Do I need a static IP address for SIP trunking?
It depends on the provider. Some require IP-based authentication where your PBX's public IP is whitelisted on the provider's firewall. If your business internet has a dynamic IP (which changes periodically), this creates a problem. Other providers support registration-based SIP authentication where your PBX registers with a username and password, which works fine with dynamic IPs. Ask your provider which authentication method they use before assuming you need a static IP. Most AU-focused SIP providers support registration-based auth specifically because many business internet services in Australia have dynamic IPs.
What happens to my phone system if my internet goes down?
SIP trunks depend entirely on your internet connection. If your connection drops, all calls over SIP trunks stop working. To mitigate this, you have several options. First, provision a 4G/5G failover router that automatically activates when your primary NBN connection fails. Second, set up call forwarding on your SIP trunk to divert calls to mobile numbers during an outage. Most AU SIP trunk providers support emergency call diversion that can be activated from a web portal even if your PBX is unreachable. Third, ensure your VOIP phones are on a UPS so they stay powered during a brief power outage rather than compounding a double failure.
Can I use a SIP trunk provider to get a 1300 number?
Yes. Most Australian SIP trunk providers can provision 1300 and 1800 numbers in addition to standard geographic DIDs. 1300 numbers route calls from across Australia to your nominated answer point, with the caller paying local call rates. 1800 numbers are free for the caller. Both are provisioned and managed by the SIP trunk provider. Pricing for 1300/1800 numbers varies: there's usually a monthly service fee (~$10-30) plus per-minute inbound call rates that differ from standard DID rates. Confirm 1300/1800 support and pricing with your provider if this is a requirement.
What is the difference between a SIP trunk and a hosted VOIP service?
A SIP trunk is just the connection layer between your own PBX and the public phone network. You own the PBX software and hardware. The SIP trunk provider supplies the channel capacity and phone numbers, and carries the calls.
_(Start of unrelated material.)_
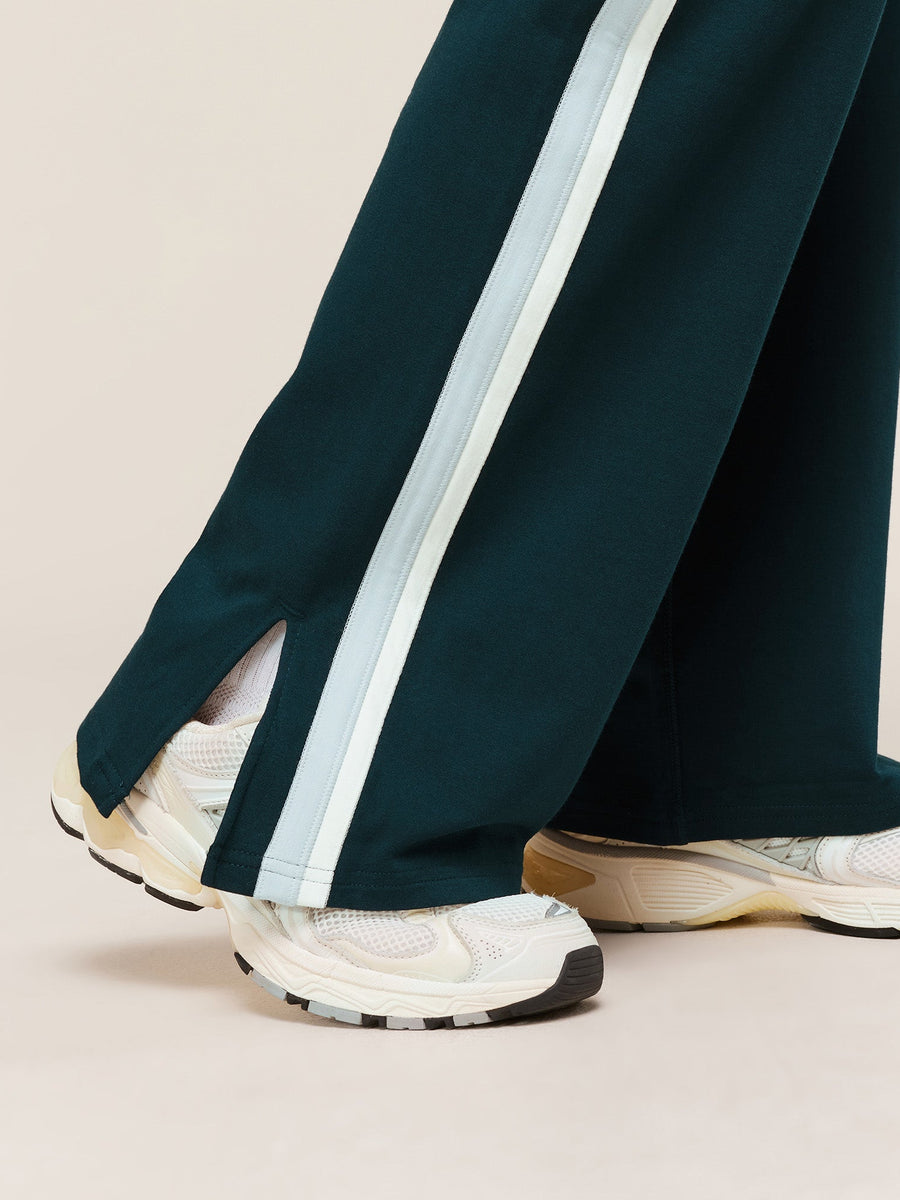 Gymshark Piping Wide Leg Pants — Deep Petrol Blue/Smoke Blue/Soft White — 6
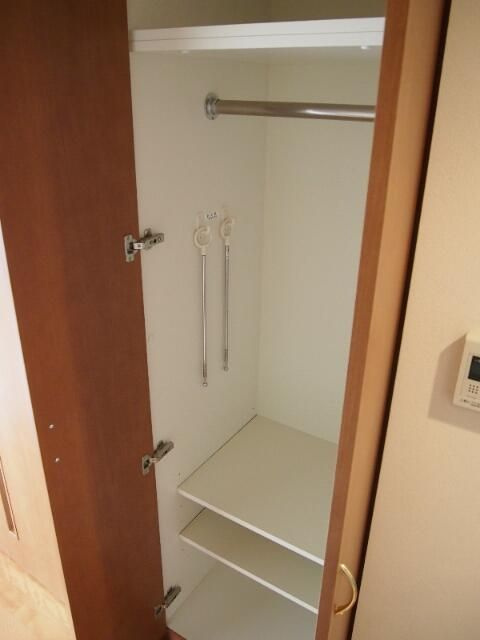 ルーブル早稲田六番館の収納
A hosted VOIP service (hosted PBX) is the complete package: the provider runs the PBX software in their data centre, you just add phones. Hosted VOIP requires less technical knowledge and no PBX infrastructure. SIP trunking gives you more control and potentially lower cost at scale, but requires someone to manage the PBX. Most Australian SMBs with under 20 seats are better served by hosted VOIP unless they have a specific reason to run their own PBX.